Je suis réaliste. Les effets de l’uberisation sur l’emploi et notre modèle social seront considérables. En combinant automatisation et numérisation, ce phénomène ouvre la voie à des modèles économiques radicalement différents et très peu de secteurs seront épargnés. Toutes ces plateformes créent certes de nouveaux emplois hyper-qualifiés mais ils sont réservés à ceux qui maîtrisent les algorithmes et l’exploitation des données. Pour le reste, c’est-à-dire la majorité, quantité de métiers et de compétences vont disparaître du fait de leur obsolescence.
Uberisation = précarisation ?
Ces nouveaux services de mise en relation entre consommateurs et «producteurs» de biens et services en tous genres détruisent des activités fonctionnant majoritairement sur le modèle du salariat. Ils participent ainsi à un mouvement général de «freelancisation» du monde du travail. Aux Etats-Unis, un actif sur quatre n’est pas salarié et une société comme Uber compte 160 000 chauffeurs affiliés pour seulement 2 000 employés.
L’uberisation actuelle n’est pourtant qu’une première étape, dites-vous…
La révolution à venir de l’intelligence artificielle aura des effets bien plus importants encore avec le nouveau cycle de «mécanisation du cognitif» qui s’enclenche. Autrement dit, les cols blancs ne sont plus à l’abri et risquent eux aussi de se trouver rapidement déqualifiés. Dans une étude récente, le cabinet Roland Berger estime ainsi que trois millions d’emplois pourraient disparaître en France à l’horizon 2025. Le problème, c’est que les emplois créés, hyperspécialisés, ne se substitueront pas aux emplois détruits.
Selon vous, la conduite automatique finira également par mettre au chômage les particuliers qui vivent d’UberPop ou les particuliers livrant des colis pour Amazon… N’est-ce pas exagéré ?
C’est en tout cas l’idée. Cela peut paraître de la science-fiction, mais l’emprise croissante de la technologie sur nos vies va nous entraîner vers un «robotariat» sans horaires de travail ni charges sociales qui abolira ce qu’il reste du prolétariat.
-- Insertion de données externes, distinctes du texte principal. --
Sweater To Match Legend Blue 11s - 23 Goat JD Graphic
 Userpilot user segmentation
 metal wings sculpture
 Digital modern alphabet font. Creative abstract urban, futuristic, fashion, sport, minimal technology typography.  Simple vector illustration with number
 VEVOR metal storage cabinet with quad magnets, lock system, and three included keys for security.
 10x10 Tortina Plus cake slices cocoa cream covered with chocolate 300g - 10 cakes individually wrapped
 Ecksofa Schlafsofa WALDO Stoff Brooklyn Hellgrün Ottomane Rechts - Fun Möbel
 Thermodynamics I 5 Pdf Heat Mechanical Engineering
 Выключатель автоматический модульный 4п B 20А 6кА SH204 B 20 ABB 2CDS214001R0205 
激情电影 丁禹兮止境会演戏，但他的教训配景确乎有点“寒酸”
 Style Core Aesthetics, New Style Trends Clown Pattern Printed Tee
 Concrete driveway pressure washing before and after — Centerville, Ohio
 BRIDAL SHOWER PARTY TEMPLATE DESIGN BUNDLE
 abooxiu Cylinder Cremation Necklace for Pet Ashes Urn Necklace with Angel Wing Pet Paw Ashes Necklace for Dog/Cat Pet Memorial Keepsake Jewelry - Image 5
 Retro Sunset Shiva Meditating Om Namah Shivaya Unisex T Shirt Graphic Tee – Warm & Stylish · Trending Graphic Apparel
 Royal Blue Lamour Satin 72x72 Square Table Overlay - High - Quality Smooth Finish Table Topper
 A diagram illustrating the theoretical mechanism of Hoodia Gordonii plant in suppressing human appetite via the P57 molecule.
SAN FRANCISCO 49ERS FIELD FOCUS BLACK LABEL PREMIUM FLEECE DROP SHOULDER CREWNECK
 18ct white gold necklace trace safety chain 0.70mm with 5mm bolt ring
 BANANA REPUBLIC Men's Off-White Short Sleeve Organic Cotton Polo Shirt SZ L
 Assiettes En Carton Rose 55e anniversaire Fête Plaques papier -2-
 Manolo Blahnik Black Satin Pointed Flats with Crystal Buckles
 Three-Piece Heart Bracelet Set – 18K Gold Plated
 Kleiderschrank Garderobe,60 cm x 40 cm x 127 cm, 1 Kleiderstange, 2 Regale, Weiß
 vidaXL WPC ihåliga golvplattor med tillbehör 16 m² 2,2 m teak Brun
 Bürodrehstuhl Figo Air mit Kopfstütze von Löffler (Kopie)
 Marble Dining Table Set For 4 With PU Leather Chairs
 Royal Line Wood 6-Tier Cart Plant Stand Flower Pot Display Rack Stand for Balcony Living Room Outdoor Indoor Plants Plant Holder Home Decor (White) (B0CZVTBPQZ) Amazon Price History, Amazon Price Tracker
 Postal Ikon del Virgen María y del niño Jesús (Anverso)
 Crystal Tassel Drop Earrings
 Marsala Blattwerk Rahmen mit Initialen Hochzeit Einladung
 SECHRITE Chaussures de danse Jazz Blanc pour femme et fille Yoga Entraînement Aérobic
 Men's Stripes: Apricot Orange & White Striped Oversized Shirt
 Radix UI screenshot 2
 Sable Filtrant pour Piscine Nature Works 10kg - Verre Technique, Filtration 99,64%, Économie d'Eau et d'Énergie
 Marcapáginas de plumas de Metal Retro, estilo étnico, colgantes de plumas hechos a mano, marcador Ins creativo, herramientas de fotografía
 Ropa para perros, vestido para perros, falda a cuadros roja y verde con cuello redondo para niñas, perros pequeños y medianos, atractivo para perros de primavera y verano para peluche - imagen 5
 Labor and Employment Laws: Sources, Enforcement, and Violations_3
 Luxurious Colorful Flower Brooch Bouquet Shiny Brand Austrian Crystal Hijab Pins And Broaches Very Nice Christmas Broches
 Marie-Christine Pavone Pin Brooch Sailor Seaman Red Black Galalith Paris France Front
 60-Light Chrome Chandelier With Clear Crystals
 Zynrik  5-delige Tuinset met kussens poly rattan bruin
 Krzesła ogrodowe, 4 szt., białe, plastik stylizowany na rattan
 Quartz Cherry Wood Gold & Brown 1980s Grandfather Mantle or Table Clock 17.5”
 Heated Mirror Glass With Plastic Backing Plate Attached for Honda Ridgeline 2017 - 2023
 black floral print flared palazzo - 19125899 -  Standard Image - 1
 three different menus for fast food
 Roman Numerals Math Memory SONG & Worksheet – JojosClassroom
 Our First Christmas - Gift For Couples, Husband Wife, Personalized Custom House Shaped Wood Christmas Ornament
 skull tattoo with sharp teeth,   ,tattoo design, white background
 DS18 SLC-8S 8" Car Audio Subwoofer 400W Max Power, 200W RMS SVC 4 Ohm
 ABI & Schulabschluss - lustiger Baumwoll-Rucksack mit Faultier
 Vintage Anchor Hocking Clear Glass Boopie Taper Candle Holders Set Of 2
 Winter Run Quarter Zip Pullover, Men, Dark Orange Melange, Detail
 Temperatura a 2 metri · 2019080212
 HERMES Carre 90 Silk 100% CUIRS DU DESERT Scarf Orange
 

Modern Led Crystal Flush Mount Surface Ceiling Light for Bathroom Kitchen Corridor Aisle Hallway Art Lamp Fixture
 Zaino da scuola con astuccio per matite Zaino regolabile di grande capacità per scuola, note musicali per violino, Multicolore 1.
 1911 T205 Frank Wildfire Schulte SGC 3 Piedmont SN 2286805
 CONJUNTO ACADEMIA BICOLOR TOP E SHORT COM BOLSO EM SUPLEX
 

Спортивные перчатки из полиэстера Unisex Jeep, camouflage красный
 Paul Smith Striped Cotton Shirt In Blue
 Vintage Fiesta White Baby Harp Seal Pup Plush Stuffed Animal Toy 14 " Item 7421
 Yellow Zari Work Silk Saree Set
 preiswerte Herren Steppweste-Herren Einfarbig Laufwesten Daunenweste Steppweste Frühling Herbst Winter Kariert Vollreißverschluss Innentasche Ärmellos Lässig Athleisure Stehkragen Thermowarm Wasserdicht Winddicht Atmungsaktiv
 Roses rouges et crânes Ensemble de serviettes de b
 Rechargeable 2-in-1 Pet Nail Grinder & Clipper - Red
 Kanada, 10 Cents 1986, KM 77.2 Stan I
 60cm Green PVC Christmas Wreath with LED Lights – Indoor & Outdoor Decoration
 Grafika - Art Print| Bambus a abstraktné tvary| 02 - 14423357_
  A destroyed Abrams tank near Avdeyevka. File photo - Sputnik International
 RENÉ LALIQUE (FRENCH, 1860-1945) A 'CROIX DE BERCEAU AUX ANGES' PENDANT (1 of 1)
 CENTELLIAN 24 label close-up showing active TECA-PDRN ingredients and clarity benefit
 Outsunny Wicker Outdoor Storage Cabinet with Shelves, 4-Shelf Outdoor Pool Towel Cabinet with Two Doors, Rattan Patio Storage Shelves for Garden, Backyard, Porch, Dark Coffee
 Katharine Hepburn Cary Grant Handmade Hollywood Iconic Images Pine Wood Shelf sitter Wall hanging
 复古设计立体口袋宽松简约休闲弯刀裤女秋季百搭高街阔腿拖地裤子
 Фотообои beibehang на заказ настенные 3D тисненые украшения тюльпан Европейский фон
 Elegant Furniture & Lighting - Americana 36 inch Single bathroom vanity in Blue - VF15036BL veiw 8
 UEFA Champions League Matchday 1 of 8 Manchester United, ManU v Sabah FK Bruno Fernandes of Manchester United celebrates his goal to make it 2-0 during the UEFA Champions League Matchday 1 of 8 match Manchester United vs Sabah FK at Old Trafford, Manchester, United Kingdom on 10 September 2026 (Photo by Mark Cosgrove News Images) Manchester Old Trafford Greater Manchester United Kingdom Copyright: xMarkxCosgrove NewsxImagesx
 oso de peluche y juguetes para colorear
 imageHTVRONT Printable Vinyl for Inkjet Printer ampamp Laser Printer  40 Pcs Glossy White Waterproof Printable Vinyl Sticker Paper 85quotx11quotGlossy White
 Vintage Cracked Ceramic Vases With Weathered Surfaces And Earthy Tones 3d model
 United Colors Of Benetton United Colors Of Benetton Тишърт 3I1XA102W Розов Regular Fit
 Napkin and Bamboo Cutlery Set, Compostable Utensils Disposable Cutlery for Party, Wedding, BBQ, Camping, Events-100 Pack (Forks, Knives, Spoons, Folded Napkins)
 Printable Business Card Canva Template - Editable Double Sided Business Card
L’uberisation n’est que la face émergée de l’iceberg, prémices du monde à venir. L’histoire est loin d’être écrite à ce stade mais il faut prendre conscience que ce mouvement dépasse et de très loin le cas de quelques professions qui n’ont pas su se moderniser à temps.
«Ubérisation = économie déchirée ?» de BRUNO Teboul et Thierry Picard, éditions Kawa, 23,95 €.